7.3. Aus diesem Grund und insbesondere auch in abwägender Würdigung des besonderen Milderungsgrundes der Unbescholtenheit hat im Ergebnis die belangte Behörde mit der verhängten Geldstrafe zu hoch gegriffen. Das nunmehr festgesetzte Ausmaß erfüllt mit immerhin noch einem Zehntel des Strafrahmens die Strafzwecke. Die Bezahlung der Strafe in dieser Höhe ist nach der Aktenlage dem Berufungswerber zumutbar.

7.4. Die Ersatzfreiheitsstrafe war in Wahrung ihres Verhältnisses zur nun herabgesetzten Geldstrafe zu mindern.

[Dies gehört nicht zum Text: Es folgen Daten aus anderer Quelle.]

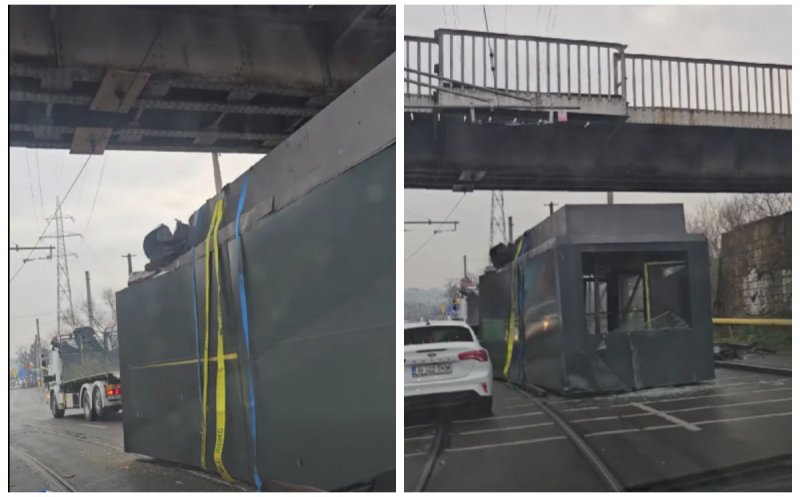 (Video) Cluj. A uitat cât de înalt e transportul și a lovit Podul Gării: agabaritic făcut praf, trafic blocat 1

8. Die verfügte Änderung des Spruchs modifiziert nicht die Tat, sondern dient der gebotenen Vervollständigung des Spruchteils gemäß § 44a Z3 VStG. Die insoweit beanspruchte Richtigstellungsbefugnis des unabhängigen Verwaltungssenates ist auch der Hintergrund für die Verbesserung rechtlich irreführender Darlegungen in der Begründung des Straferkenntnisses; diesbezüglich ist nämlich selbst für einen verständigen Leser nicht leicht erkennbar, daß es sich dabei möglicherweise nur um bloße Versehen (aus denen freilich dem Berufungswerber kein Rechtsnachteil erwachsen wäre) handelt.

Zu IV.:

Der Ausspruch über die Beiträge zu den Verfahrenskosten hat seinen Grund in den angeführten Gesetzesbestimmungen.

Rechtsmittelbelehrung:

Gegen diesen Bescheid ist kein ordentliches Rechtsmittel zulässig.

Hinweis:

Gegen diesen Bescheid kann innerhalb von sechs Wochen ab seiner Zustellung eine Beschwerde an den Verfassungsgerichtshof oder an den Verwaltungsgerichtshof erhoben werden; diese muß - von gesetzlichen Ausnahmen abgesehen - jeweils von einem Rechtsanwalt unterschrieben sein.